* TASK ITEM *
Only the lines of the listing below that run from the line with "第14メゾン坂巻の周辺" through the line with "111 Decatur ST, Portsmouth, VA 23702" are to be set down, word for word. Pictures stay out.

* DATA FOR THIS EXERCISE *

══════════

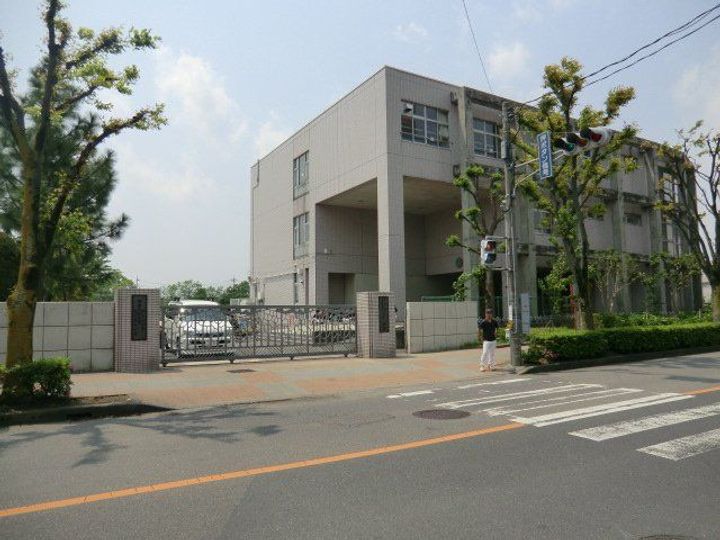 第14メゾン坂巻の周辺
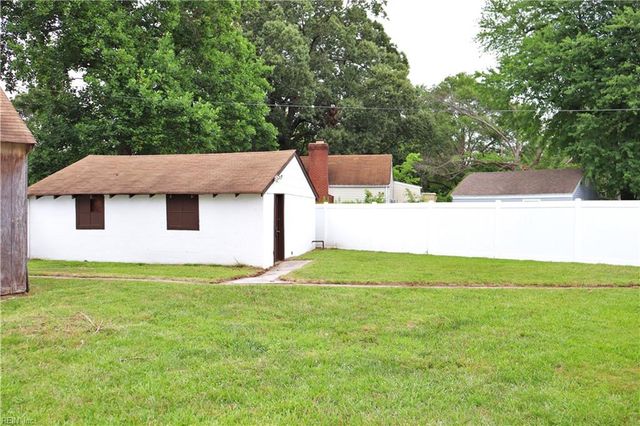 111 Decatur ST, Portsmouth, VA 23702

══════════

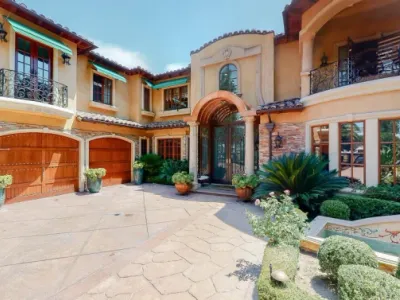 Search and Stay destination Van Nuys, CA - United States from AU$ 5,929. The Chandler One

══════════

* ANSWER TO THIS PROBLEM *
 第14メゾン坂巻の周辺
 111 Decatur ST, Portsmouth, VA 23702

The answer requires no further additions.